In May 2015, the whole community of Dao Lazui came together, and with the help of Battat and WE, began building their new school. Currently, it has 5 classrooms, 1 library and a total of 108 students! The school is currently able to support students from age 6 to 12 with a total of 4 teachers, two of which are from a nearby community. As education continues to grow within the community, we are eager to see school attendance grow. Soon, other programs such as sanitation, water, health care and the possibility of an income will be implemented.

In March 2015 began the construction of the first WE school in Los Rios. The first classroom was completed and ready to go by the end of the year. The school currently has 175 students and 13 teachers, as schools are relatively rare in the region. So, this is why you can find students commuting from 6 communities along the Rio Napo. Students are engaged in their community and excited to attend class. There’s even a cooking class for students to learn how to make quimbolito, a traditional Ecuadorian treat. Combining cultural and academic learning into the classrooms have provided students with the opportunity to retain close roots to their cultural heritage while pursuing academic achievements. 2016 saw a new water system being built and a newly formed group of women being formed amongst the communities.

EDUCATION

In 2015, many lives definitely changed for the better in a tight-knitted, yet very poor, community high up in the Haitian mountains. The tiny village of Manac, with the help of WE and Battat, saw its school attendance increased from 120 to 700 with the construction of 2 school blocks and 4 extra classrooms! Today, the community can rely on a well for clean water, a mobile medical clinic, and many other positive changes.

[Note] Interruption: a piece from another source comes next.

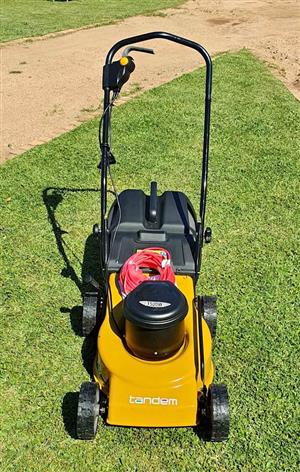 Primer electric lawnmower.  GARDEN MARKET PLACE.  1 Gardens Road, HILLCREST.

Kalthana’s two primary schools had poorly equipped rooms, no handwashing stations with running water, and inadequate septic systems and latrines. Today, with help from WE and Battat, schoolrooms have been improved, a new water system installed, and more are under construction. Kalthana’s residents now benefit from regular health and hygiene workshops, and new smokeless chulha (stoves) addressed problems of smoke inhalation from food preparation. Additional nurses and workers also visit the rehabilitated anganwadi (health center). Thanks to a successful agriculture and food security program, participating farmers report complete food security. Women involved in the program have opened new bank accounts after earning over $1000USD from the sale of surplus goats! Plans include outfitting a computer lab with solar power, ongoing agriculture projects, and health and water programming.

Kalinjar’s 837 community members engage in subsistence farming and live on less than 2 dollars per day. Families face challenges of food insecurity, a shortage of qualified medical staff, and an inadequately stocked anganwadi (health center). The local school’s old rooms are in poor condition, and newer rooms are dark and poorly-ventilated. Classrooms lack desks, benches and other furniture. All of these factors severely limit student learning potential. The school has only 1 functioning latrine, and there is no water within the school grounds. After building trust in the community, WE plans to begin infrastructure work in Kalinjar with Battat’s help. After the construction of a new school building, the government will appoint additional teachers. The hope is that students will complete grade 12, which is uncommon in rural schools.